It’s finally game week! In the past, we’ve limited these lists to just the top 25 players, but this season, we’re upping our game to 50. So just about every day until the season starts, there will be a new player profile up here as we count down to the top ACC player for 2013.
Obviously these lists are always completely subjective — and thus “completely bulletproof” — so feel free to weigh in with your own thoughts in the comments, too.
Duke Johnson shocked everyone from day one last year. On just seven carries against Boston College, he ran for 135 yards and two scores, while only beginning to give a glimpse of what he could do in the return game. And for some reason from there, he still never grabbed the starting job away from Mike James. In all 12 games, Johnson never ran the ball more than 16 times, and in four different games he ran it less than 10. What he was able to do considering that limited action though is downright astounding. If you include kickoffs, Johnson had a grand total of 193 touches. And in those limited moments, he still manged 10.7 yards per play. His total yards on the season ranked him 11th in the country, his average per game (171.7) were ninth. The only running backs to even come close to that type of production were North Carolina‘s Giovani Bernard and Kent State‘s Dri Archer. Yet the ceiling has been raised for Johnson, now a sophomore this year.
First and foremost, he’s now the primary back, and that should automatically mean he’s getting 20-25 carries per game.

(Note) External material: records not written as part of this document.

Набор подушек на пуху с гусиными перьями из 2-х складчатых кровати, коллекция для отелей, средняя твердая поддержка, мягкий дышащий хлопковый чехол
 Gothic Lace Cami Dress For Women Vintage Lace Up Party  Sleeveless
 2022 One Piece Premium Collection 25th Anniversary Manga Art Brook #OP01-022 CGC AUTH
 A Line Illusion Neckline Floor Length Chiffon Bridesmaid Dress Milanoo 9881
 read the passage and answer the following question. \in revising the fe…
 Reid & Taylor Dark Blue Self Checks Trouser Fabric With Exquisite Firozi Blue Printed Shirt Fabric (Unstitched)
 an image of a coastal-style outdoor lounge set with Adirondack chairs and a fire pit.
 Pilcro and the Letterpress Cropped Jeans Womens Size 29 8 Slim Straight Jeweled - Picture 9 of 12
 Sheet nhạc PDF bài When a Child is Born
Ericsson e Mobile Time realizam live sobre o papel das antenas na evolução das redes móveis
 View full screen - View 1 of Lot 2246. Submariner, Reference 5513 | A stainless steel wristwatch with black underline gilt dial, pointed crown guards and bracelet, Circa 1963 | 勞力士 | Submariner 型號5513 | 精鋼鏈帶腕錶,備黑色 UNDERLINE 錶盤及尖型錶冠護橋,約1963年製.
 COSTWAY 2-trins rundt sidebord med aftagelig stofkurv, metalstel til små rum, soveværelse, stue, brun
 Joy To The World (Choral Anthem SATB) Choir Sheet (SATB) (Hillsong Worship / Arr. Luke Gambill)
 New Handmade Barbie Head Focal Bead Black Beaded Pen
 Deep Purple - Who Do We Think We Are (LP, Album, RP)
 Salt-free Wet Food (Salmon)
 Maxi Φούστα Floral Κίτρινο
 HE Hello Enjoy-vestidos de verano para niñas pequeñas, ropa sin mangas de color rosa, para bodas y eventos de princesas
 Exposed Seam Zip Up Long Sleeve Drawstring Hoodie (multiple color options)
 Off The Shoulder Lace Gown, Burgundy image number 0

The ‘Canes also have a pretty strong passing game, which means the pressure won’t be entirely on him to produce at the same rate as last year (though he’ll likely be able to do so anyway). Should he end up in that 20-25 carry range, I’m curious to see how much longer he remains a kick returner, which would certainly diminish his overall impact, even if it helped out his rushing durability. In the passing game, he’ll be a factor yet again though, and should be able to improve upon last year’s 27 catches.
The previous paragraph just address his overall impact, however, and I did want to expand upon that a bit. Johnson has a lot of value as a runner, obviously, but even more as a do-everything rusher/return man. It’s the return numbers that help bolster his Heisman candidacy from “solid” to “short list” and make his case a whole lot more interesting against a bevy of dynamic quarterbacks and receivers. Unfortunately, I do see his return numbers going down a bit (or reduced completely if he starts to get a bit banged up), though at the same time, it could lead to better stats off the line of scrimmage. I’m tempted to believe Johnson has a real shot at the Heisman — especially if Miami can end up in the 10-win range — but it’s going to be a tenuous case each week.